Bu süre içerisinde bazı teknikler geliştirildi. Telefonlar daima küçüldükleri gibi birçok ek özellikle donatıldılar. Yine de Bell’in telefonunun temel prensipleri modern aygıtlarınkine benzemektedir. Bugünde telefonlar bir mikrofona ihtiyaç duyarlar. Bell’in aygıtında bu fonksiyonu esnek bir metal diyafram ve at nalı mıknatıs üstleniyordu. Bu mıknatıs üzerine doğru akım kaynağına bağlı tel bobin sarılı bulunuyordu. Ses dalgaları metal diyaframı salınım vererek hareket ettiriyor ve bu titreşim mıknatıs ile taşınarak doğru akım bulunan bobinde depolanıyordu. Bu akımın ses dalgasına geri dönüşümü de yine aynı prensiple gerçekleştirilebiliyordu. O zamanlar mikrofonun kalitesi tabii ki iyi değildi. 1878’de kömürlü mikrofonların bulunuşuyla ses iletişim kalitesi biraz daha iyileştirilmiş oldu. Günümüzde ise telefonlara transistorlu mikrofonlar yerleştirilmektedir. Elektronik sinyallerin sese dönüşümünü ise küçük hoparlörler üstlenmektedir.
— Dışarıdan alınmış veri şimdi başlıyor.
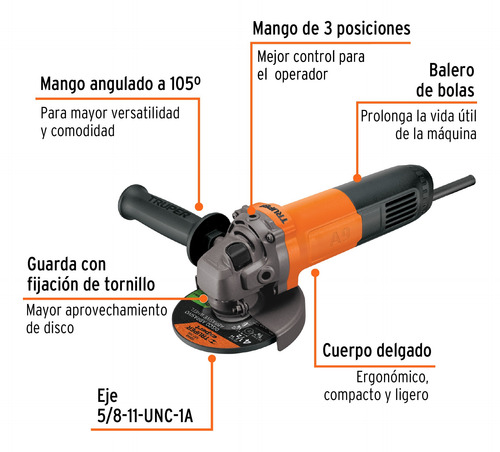 Set De Esmeriladora Angular 800w Con Soporte Y Discos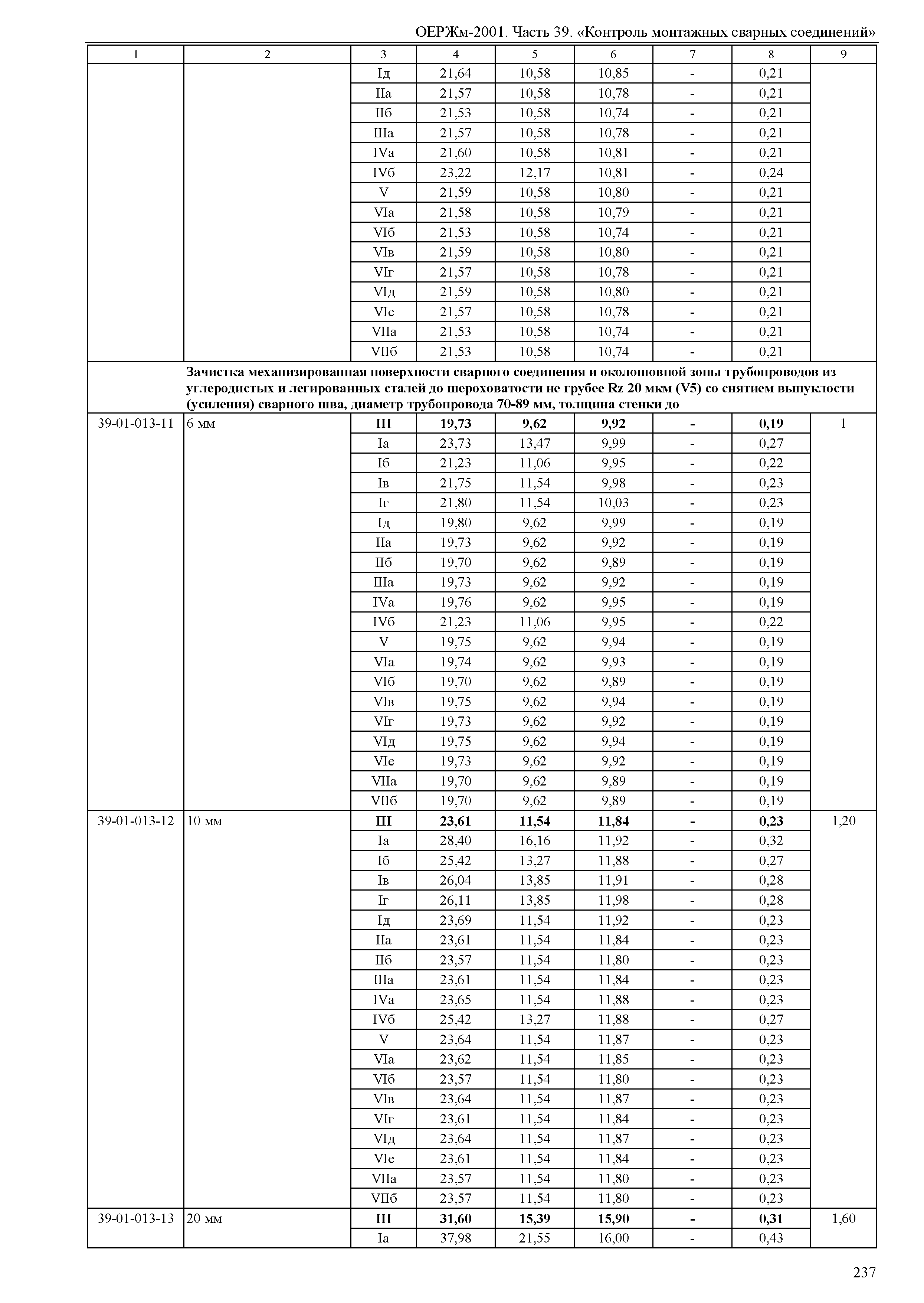 ОЕРЖм 81-03-39-2001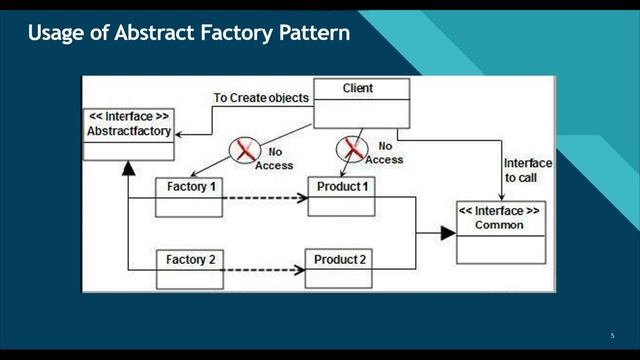 Abstract Factory Java Design Pattern Tutorial Explained with Examples for Beginners and Students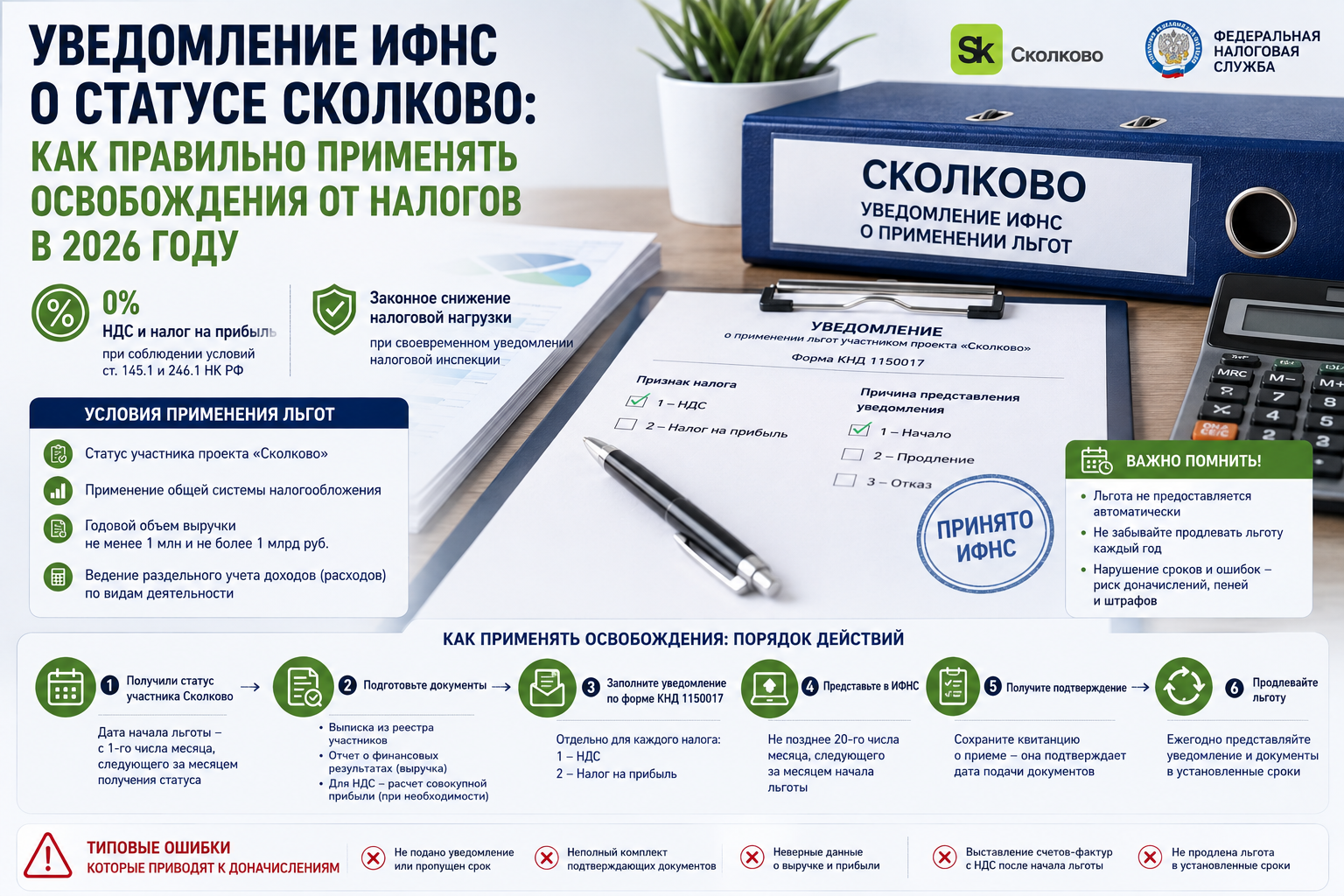 Уведомление ИФНС о статусе Сколково: как правильно применять освобождения от налогов в 2026 году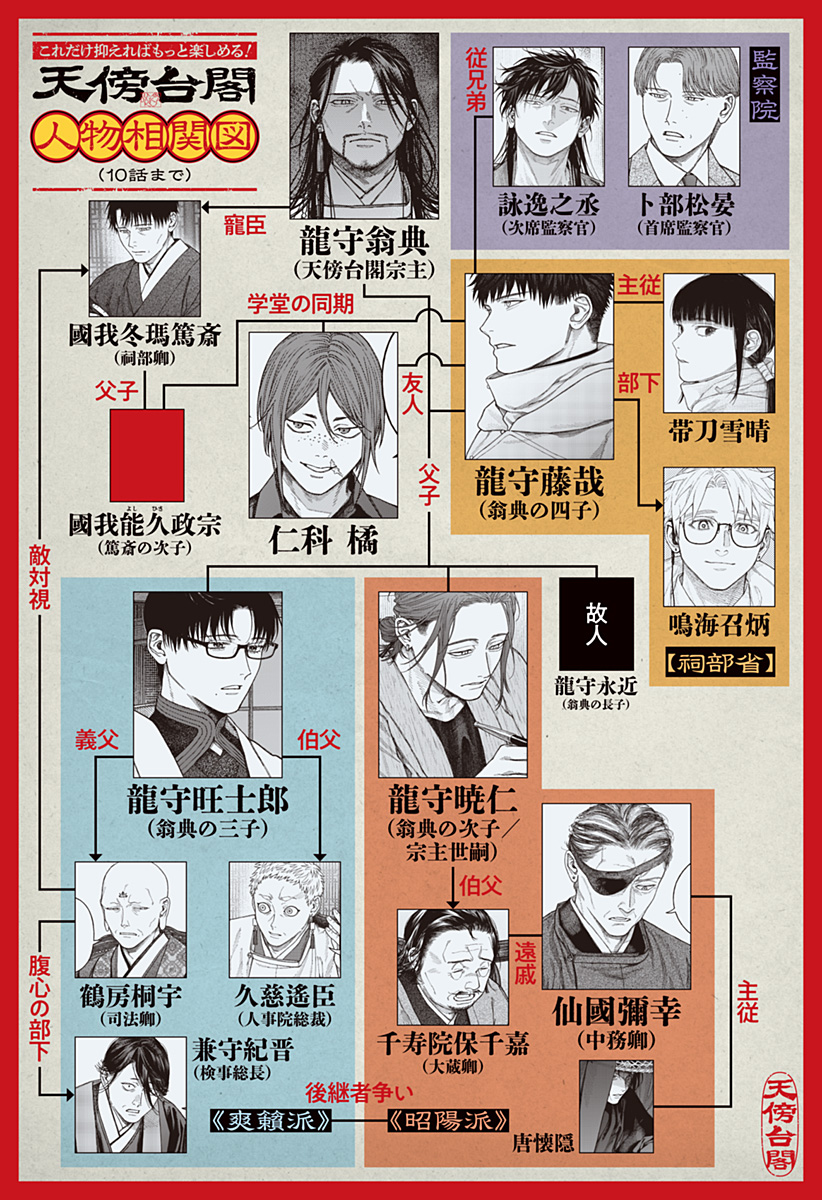 天傍台閣 Chap 11 - Next Chap 12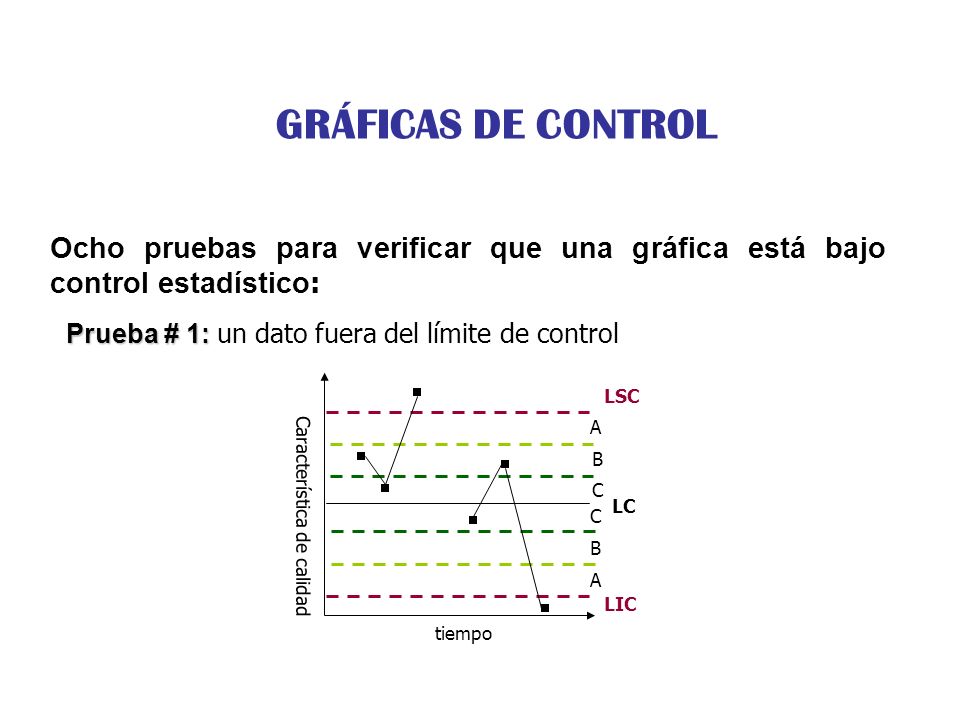 GRÁFICAS DE CONTROL Ocho pruebas para verificar que una gráfica está bajo control estadístico: Prueba # 1: un dato fuera del límite de control.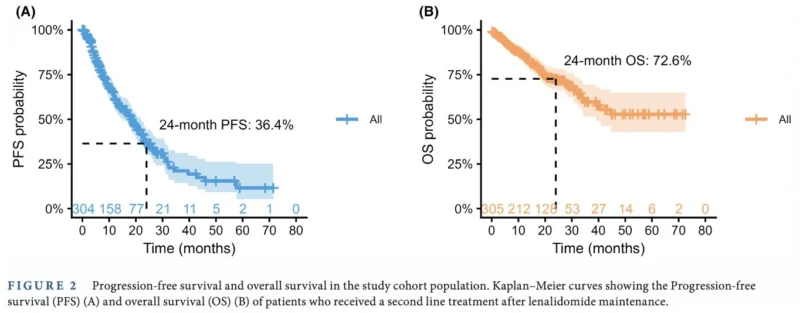 Myeloma Paper of the Day, August 19th, Suggested by Robert Orlowski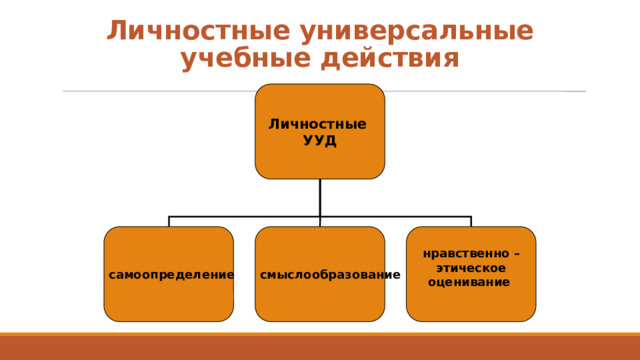 Личностные универсальные учебные действия Личностные УУД самоопределение смыслообразование нравственно – этическое оценивание  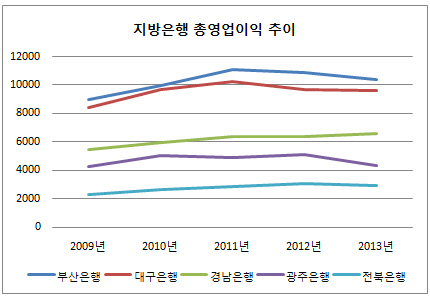 지방은행 총영업이익 추이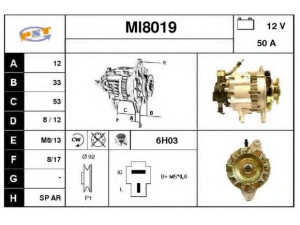 SNRA MI8019 kintamosios srovės generatorius
A2T24884B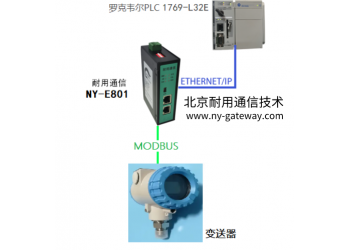 北京耐用通信Modbus转EtherNET/IP网关模块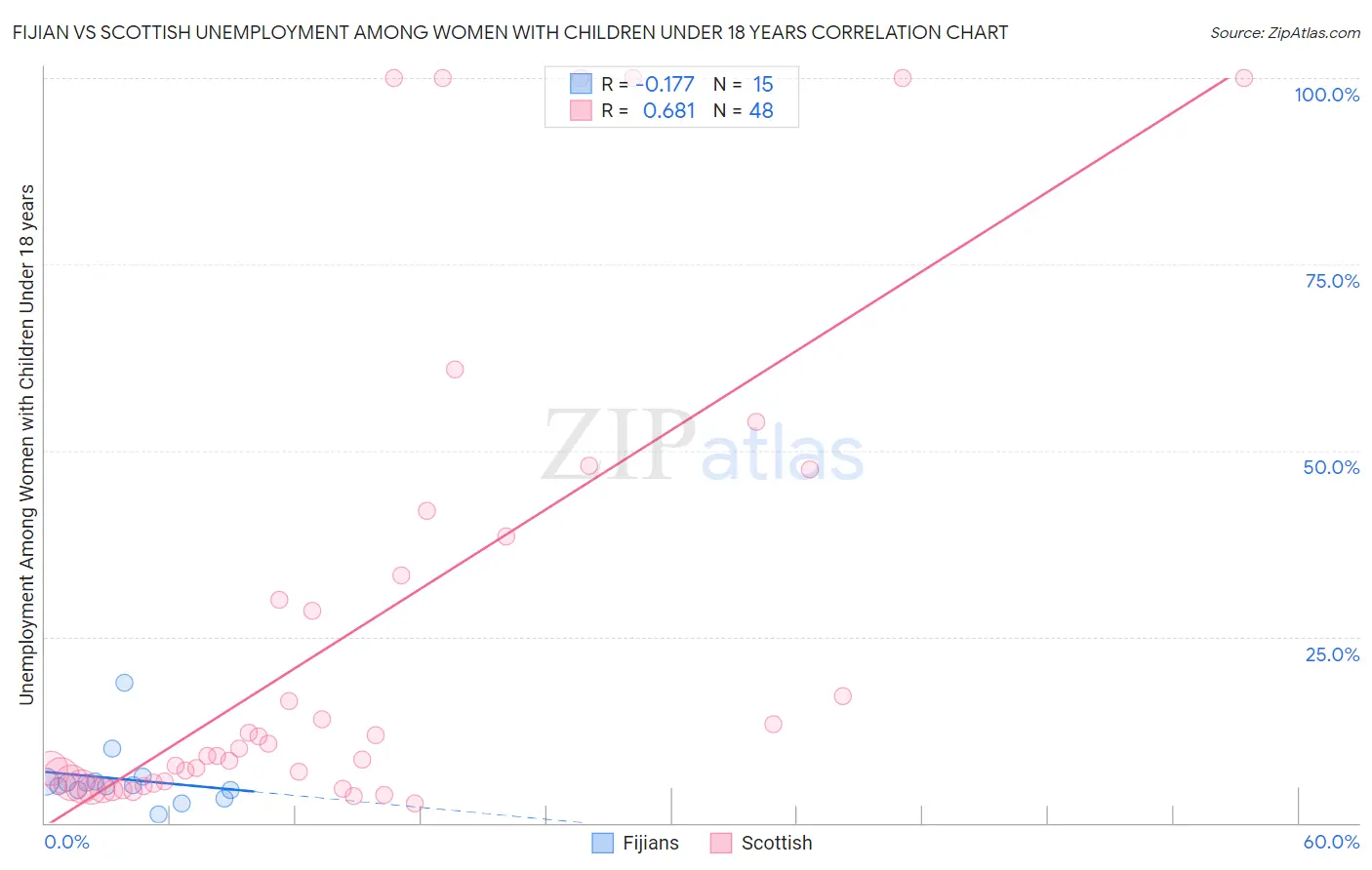 Fijian vs Scottish Unemployment Among Women with Children Under 18 years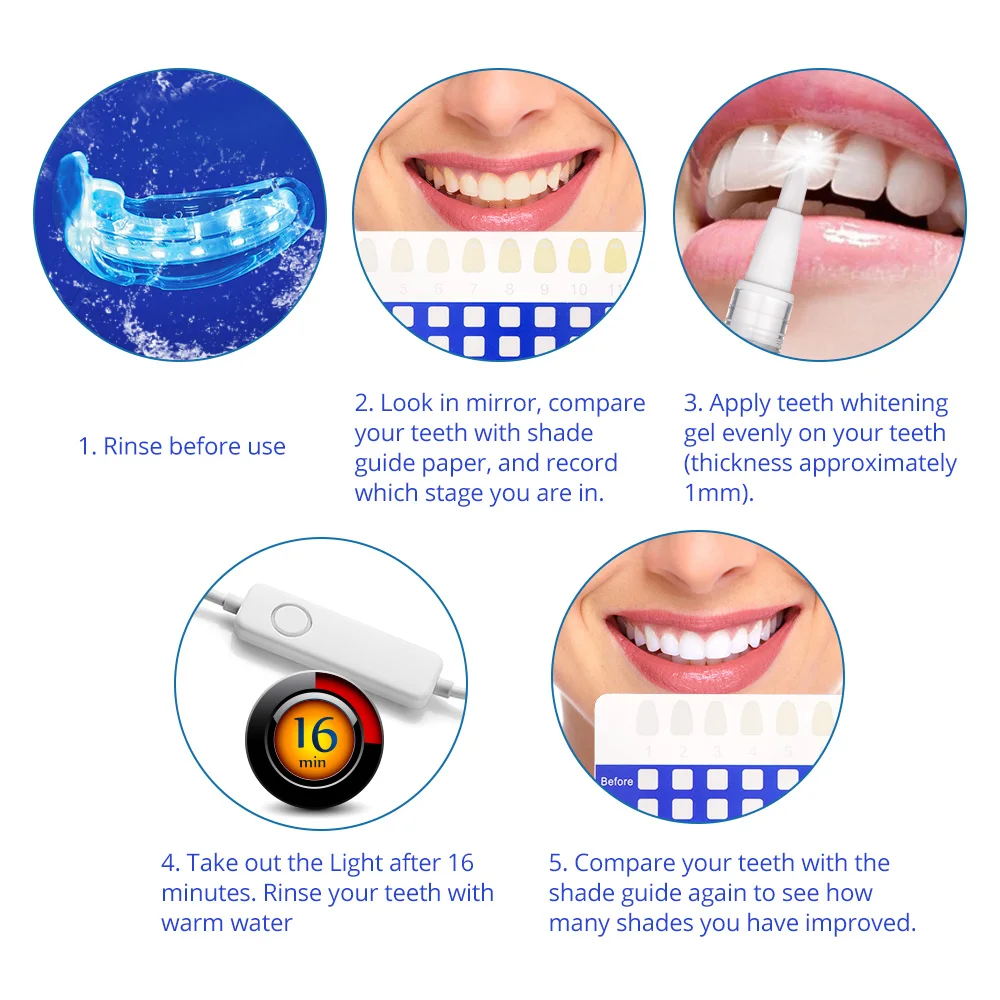 

Teeth Whitening Kit Device Blue light for Phone Plug Gel Pen Portable Tooth Bleaching clareador blanqueador dental odontologia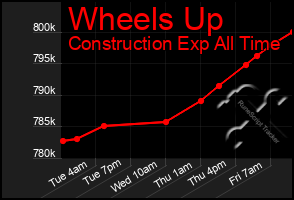 Total Graph of Wheels Up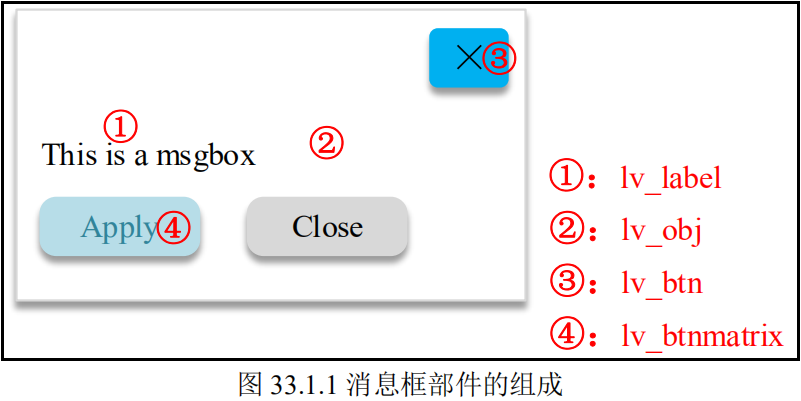 消息框部件的组成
Numarayı çevirmek ve santrale bağlanmak

Alexander Graham Bell’in 1872’de telefonu icadından bu yana sinyaller halen sabit kablo bağlantıları ile iletilmektedir. Bu da vericinin alıcı ile direkt olarak kablo aracılığıyla bağlandığı anlamına gelir. Birçok kullanıcının bulunduğu bu sistemin doğru bağlantılar kura bilmek için bir telefon santrali ile yönetilmesi gerekir. İlk telefon santralinde bu devreler el ile bağlanmaktaydı. Arkadaşca bir sesesahip santral memurları her gün artan kullanıcı sayısına artık yetişemez duruma gelmişlerdi.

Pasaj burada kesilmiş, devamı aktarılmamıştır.